» **Records for the task**
+===+

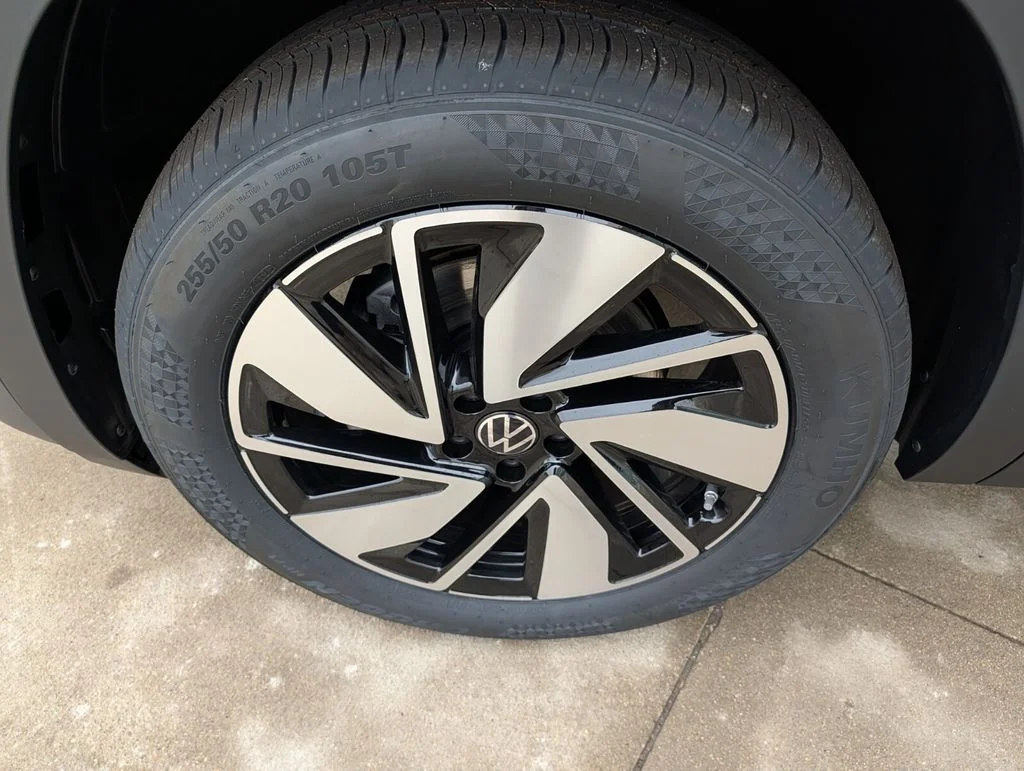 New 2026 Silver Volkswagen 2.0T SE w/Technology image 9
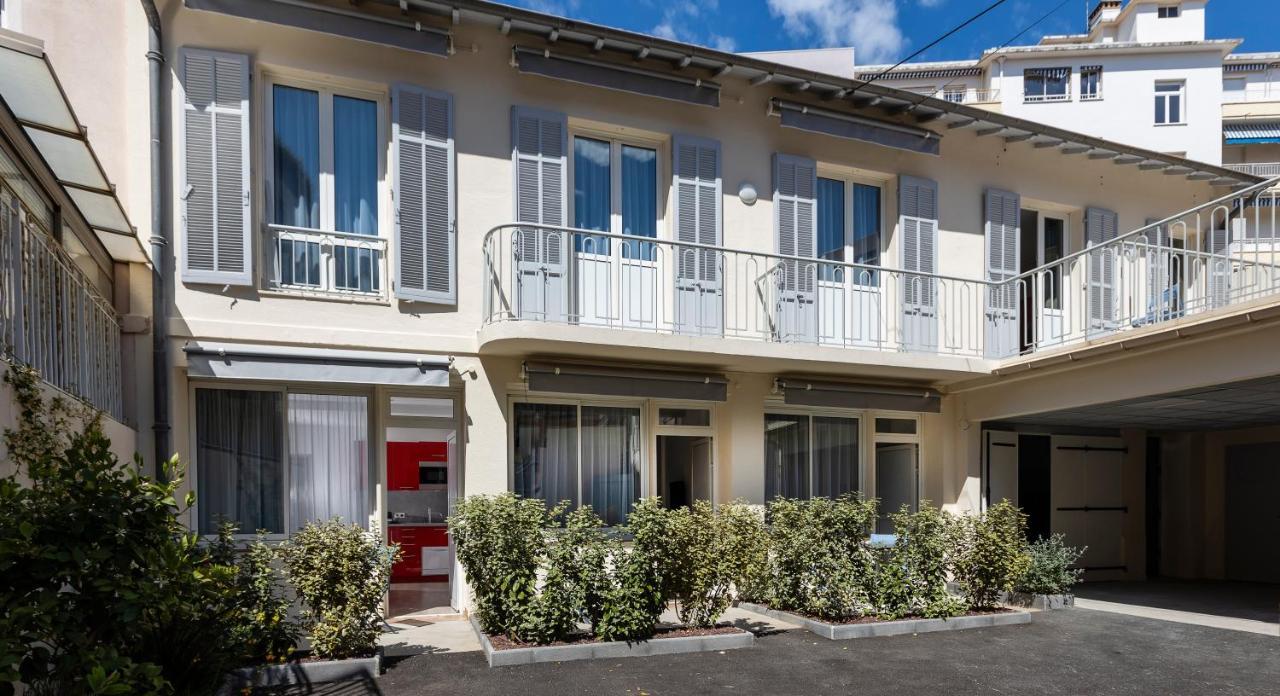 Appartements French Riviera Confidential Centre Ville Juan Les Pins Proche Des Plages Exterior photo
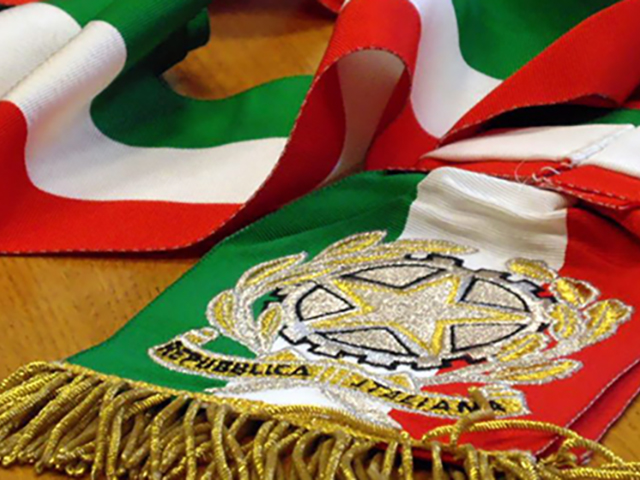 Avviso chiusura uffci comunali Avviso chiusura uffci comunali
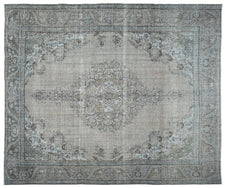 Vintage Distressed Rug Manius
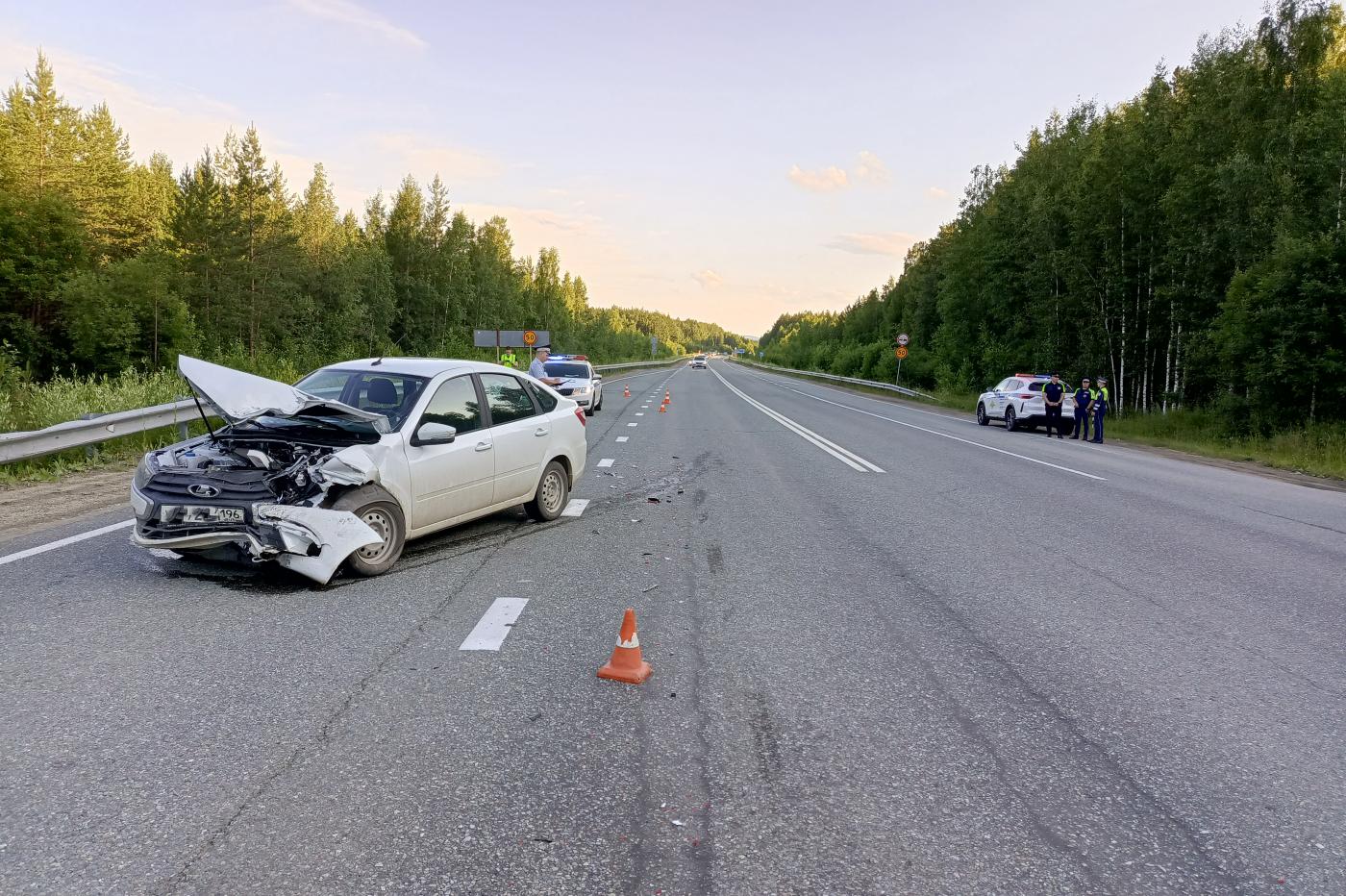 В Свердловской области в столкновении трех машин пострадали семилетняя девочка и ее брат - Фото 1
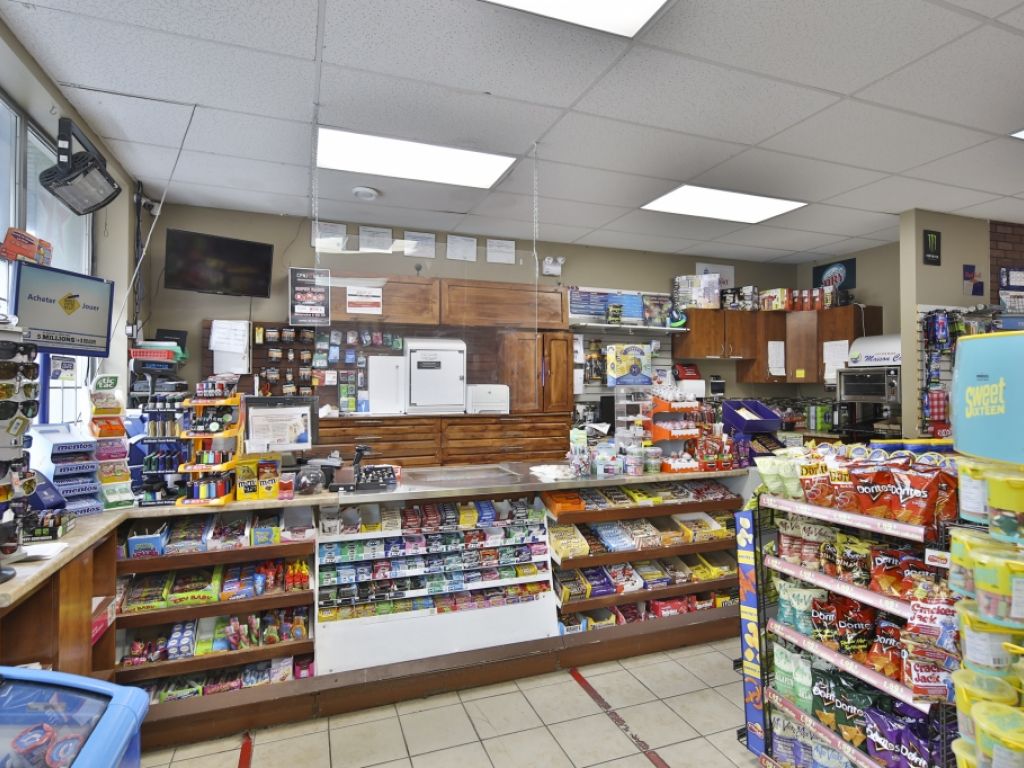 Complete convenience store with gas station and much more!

+===+

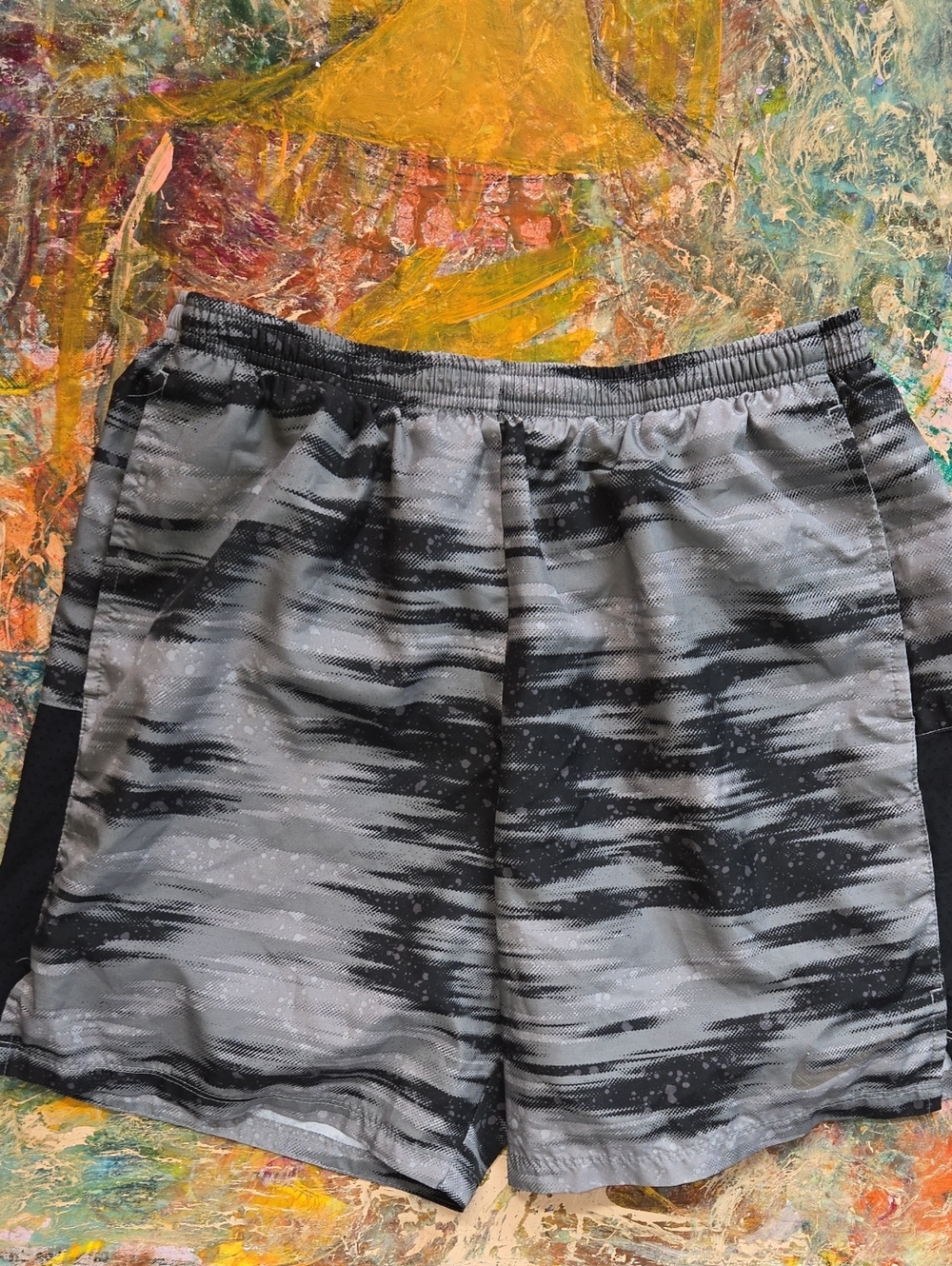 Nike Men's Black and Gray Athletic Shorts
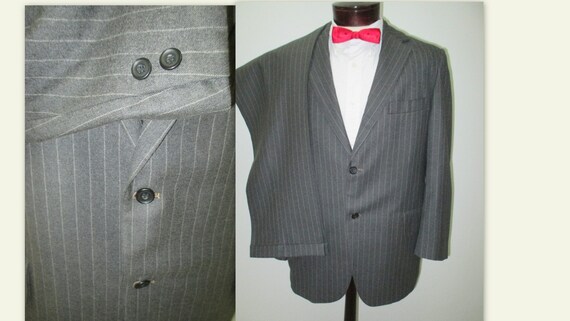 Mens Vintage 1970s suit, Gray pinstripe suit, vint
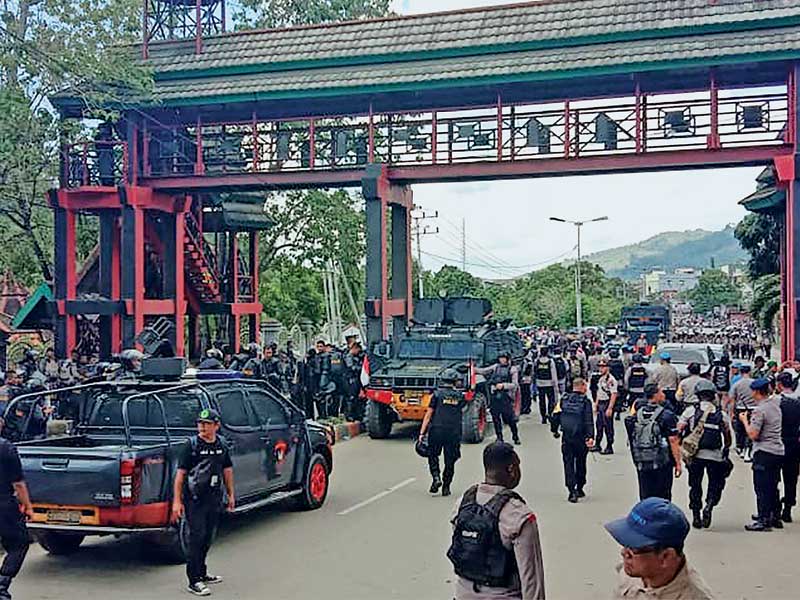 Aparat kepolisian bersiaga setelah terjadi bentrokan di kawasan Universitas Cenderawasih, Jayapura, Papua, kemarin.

+===+

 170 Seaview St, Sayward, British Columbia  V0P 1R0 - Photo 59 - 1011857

+===+

» **Directions**
Reproduce the listing above exactly from the line containing "Avviso chiusura uffci comunali Avviso" up to and including the line containing "Complete convenience store", omitting any images and everything outside those lines.

» **Response to this exercise**
 Avviso chiusura uffci comunali Avviso chiusura uffci comunali
 Vintage Distressed Rug Manius
 В Свердловской области в столкновении трех машин пострадали семилетняя девочка и ее брат - Фото 1
 Complete convenience store with gas station and much more!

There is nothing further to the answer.